Try it.
Once you find the line with "mamas & papas" in the data that follows, repeat it and every line after it exactly, through the line with "Saint-Hippolyte church. Life".

(Dataset records)
_ _ _

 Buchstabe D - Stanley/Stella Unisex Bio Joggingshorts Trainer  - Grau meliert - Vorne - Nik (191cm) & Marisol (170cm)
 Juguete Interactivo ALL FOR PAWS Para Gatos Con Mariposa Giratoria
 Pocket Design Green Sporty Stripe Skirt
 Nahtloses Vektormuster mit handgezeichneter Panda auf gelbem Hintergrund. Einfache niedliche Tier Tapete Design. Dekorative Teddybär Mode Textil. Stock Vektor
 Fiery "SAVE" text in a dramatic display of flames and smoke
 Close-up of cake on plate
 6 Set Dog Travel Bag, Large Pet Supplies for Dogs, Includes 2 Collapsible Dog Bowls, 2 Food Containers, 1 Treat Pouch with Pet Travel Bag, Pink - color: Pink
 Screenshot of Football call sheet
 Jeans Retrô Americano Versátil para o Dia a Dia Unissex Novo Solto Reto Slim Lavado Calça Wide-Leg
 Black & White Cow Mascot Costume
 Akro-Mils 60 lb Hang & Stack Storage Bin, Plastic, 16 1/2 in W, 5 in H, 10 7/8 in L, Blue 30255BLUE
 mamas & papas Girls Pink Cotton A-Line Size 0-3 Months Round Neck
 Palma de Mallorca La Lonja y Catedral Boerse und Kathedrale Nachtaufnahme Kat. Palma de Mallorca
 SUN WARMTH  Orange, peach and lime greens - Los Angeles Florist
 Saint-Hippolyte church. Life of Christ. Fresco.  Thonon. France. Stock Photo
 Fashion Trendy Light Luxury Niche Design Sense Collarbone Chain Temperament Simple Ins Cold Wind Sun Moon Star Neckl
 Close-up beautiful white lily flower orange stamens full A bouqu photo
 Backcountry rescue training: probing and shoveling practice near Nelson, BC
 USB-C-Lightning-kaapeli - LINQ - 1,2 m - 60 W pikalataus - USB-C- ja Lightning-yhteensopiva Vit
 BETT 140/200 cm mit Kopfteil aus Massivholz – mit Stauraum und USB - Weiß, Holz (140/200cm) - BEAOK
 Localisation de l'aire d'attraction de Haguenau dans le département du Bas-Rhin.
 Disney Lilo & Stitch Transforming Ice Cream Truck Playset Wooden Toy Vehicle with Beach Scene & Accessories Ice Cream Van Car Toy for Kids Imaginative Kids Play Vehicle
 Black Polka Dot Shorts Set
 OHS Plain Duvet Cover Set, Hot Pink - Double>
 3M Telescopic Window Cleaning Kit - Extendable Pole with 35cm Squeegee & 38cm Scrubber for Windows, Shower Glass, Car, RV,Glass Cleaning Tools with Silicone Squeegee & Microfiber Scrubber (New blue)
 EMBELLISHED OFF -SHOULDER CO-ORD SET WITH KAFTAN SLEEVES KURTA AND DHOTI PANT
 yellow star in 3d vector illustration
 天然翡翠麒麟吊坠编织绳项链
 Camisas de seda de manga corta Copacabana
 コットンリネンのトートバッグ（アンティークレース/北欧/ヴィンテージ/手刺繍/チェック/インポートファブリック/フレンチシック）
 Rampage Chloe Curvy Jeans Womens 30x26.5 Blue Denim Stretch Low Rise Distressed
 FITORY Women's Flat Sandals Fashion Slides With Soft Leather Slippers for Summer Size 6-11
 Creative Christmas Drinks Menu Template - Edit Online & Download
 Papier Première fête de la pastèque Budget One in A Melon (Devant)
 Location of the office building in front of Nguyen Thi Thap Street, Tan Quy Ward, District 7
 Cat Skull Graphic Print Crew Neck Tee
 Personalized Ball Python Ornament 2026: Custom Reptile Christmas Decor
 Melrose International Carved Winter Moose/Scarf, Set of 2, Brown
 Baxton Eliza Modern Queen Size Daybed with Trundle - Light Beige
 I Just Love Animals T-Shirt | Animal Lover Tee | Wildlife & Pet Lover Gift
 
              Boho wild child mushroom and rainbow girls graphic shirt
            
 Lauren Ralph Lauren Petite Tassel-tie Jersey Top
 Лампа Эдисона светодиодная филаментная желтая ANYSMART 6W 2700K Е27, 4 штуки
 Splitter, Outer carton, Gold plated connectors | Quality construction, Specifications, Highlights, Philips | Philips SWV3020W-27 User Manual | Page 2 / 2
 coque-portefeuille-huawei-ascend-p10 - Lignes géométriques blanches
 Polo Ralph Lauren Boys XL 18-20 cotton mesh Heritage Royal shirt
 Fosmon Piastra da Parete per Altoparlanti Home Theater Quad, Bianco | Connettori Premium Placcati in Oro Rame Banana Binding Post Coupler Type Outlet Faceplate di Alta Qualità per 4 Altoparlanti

_ _ _

Solution below.
 mamas & papas Girls Pink Cotton A-Line Size 0-3 Months Round Neck
 Palma de Mallorca La Lonja y Catedral Boerse und Kathedrale Nachtaufnahme Kat. Palma de Mallorca
 SUN WARMTH  Orange, peach and lime greens - Los Angeles Florist
 Saint-Hippolyte church. Life of Christ. Fresco.  Thonon. France. Stock Photo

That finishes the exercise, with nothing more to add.